During that week off, I decided I was tired of this kind of career and wanted to get out of day to day F&B operations. I had a plan. No more cooking, no more whites and maybe no more suits or if possible, working in the front or back of the house. My strength was always in negotiating/procurement. A friend of mine on the W. coast enticed me to come to the Seattle area (Bellevue actually) to work as a Purchasing Dir. for two large Italian chains. I picked up my life from Virginia which I really loved as a place to live, and moved to WA in Sept. 1996. When I handed my keys to the GM on my very last day ... I had given him a full months prior notice; he said to me, "I always thought you were only bluffing, in order to get another raise out of me." I let a long silence pass, looked at him dead in the eye and said, "It was never about the money." I took off a few weeks and relexed and hiked in VA's piedmont, better known as Shenendoah Nat'l Park, part of The Blue Ridge Mtns. and biked as much as possible before moving. This was a life change, swearing I'd never be in a pro-kitchen again.
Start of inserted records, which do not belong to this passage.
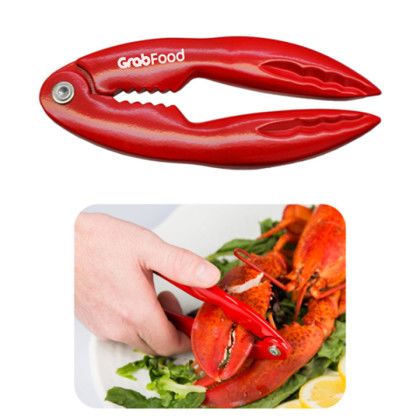 Custom Lobster Cracker - Red Custom Lobster Cracker - Red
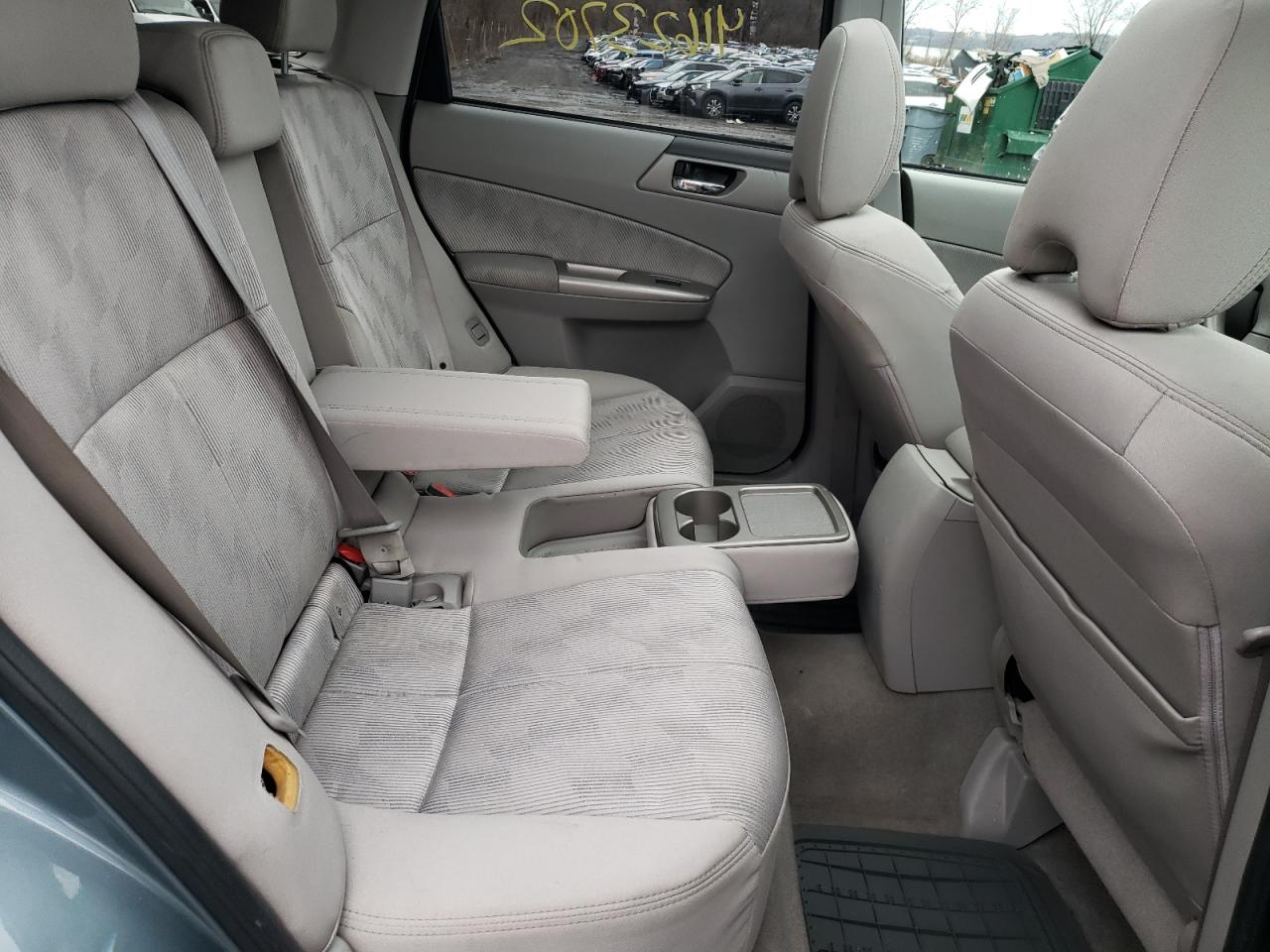 Photo 6 from auction – 2009 SUBARU FORESTER 2 with VIN JF2SH63669G796831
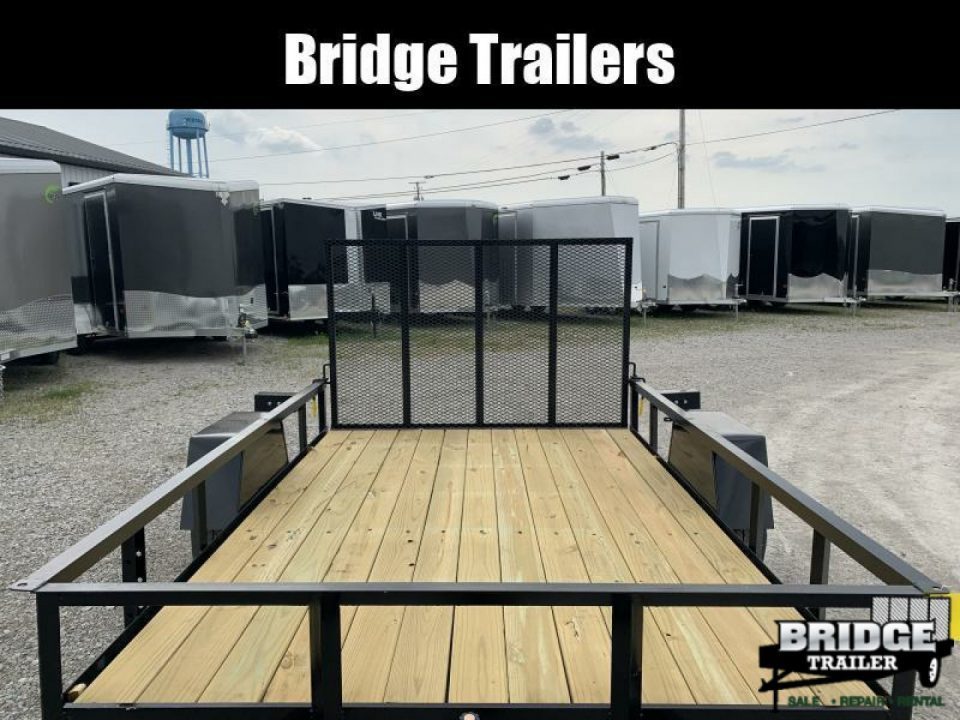 New 2026 AMO A610G (76" X 10') 2.9K Landscape Utility Trailer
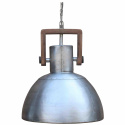 Taklampa \'Ashby Single\' - Silver 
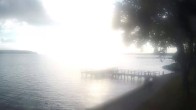 Archiv Foto Webcam Waren: Seeufer am Müritzpalais 15:00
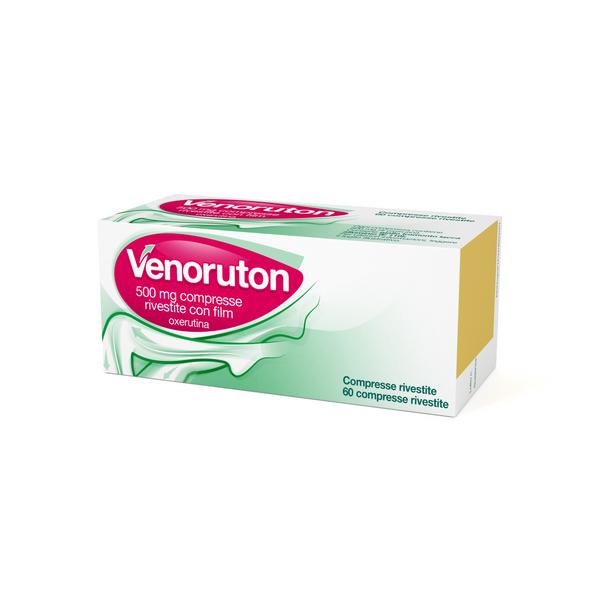 Venoruton 1000 mg polvere per soluzione orale  venoruton 500 mg compresse rivestite con film  venoruton 2% gel  oxerutina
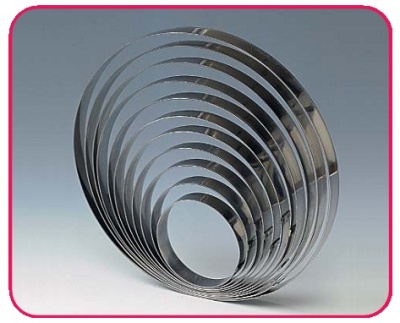 картинка Металл. форма - Круг d10/h2 см от магазина Crumble-shop.ru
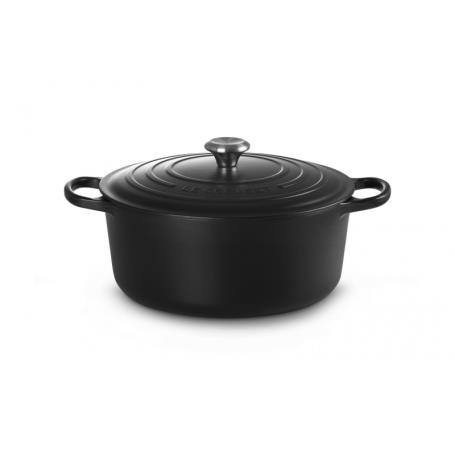 LE CREUSET - Cocotte Red. Signature 30 Negro 21177300000430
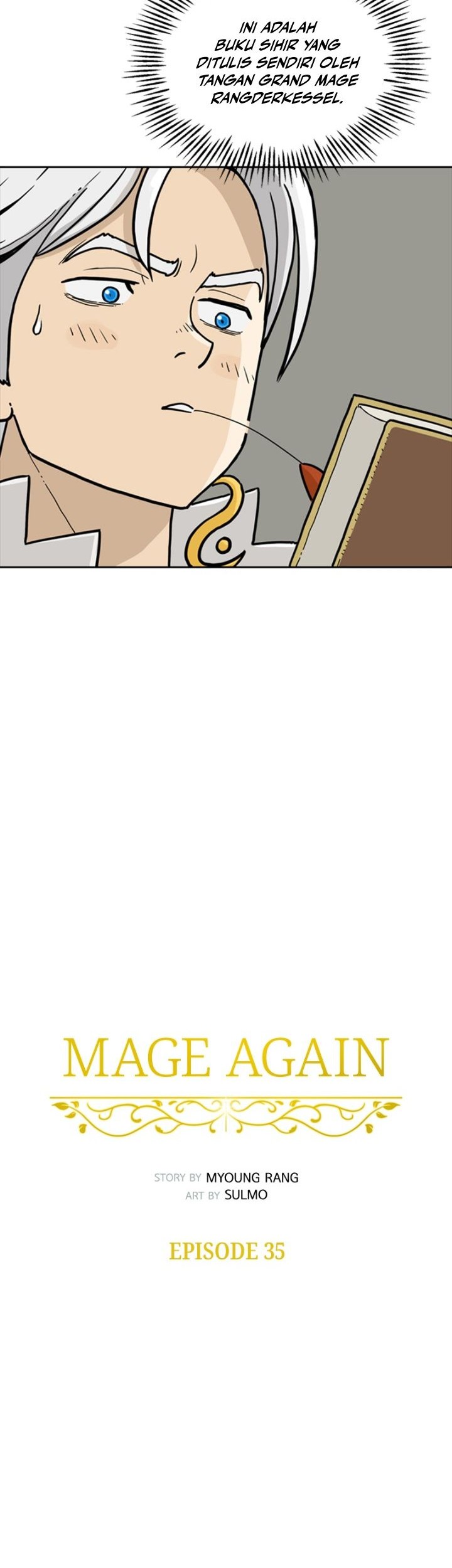 Mage Again Chapter 35 - halaman 14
At my new job, as purchasing director, I never did have to get in whites, but I was on a "menu development" team and headed up the wine program for both chains in 5 states. It was the best job I ever had ... until 9-11 hit and the death of the owner a few months later. But I had a good five year run leading up to those events and some great times, visiting Napa 2-4x every year, WA wine country at least 1-2x and the same with Oregon's Willamette Valley. Wine was becoming a bigger part of my career and this was all before the consulting gig with So. African wines, which I've mentioned enough times here.
At home I very rarely cook. I do rely on a woman, my wife of course, to prepare healthy and delicious meals and our family is better for it. I still love to cook, but only when we do dinner parties ... which happens about 2-3x/month on average. After putting out 5 banquets/day serving an average of 2,000 people a daily for those weeks in the hotel, nothing would ever seem hard again in a kitchen. A long and crazy story of life cooking and workign ITB.
Nowadays with celebrity chefs everywhere imaginable, I have no regrets having walked away from the culinary end of the business. Wine is so much more civilized.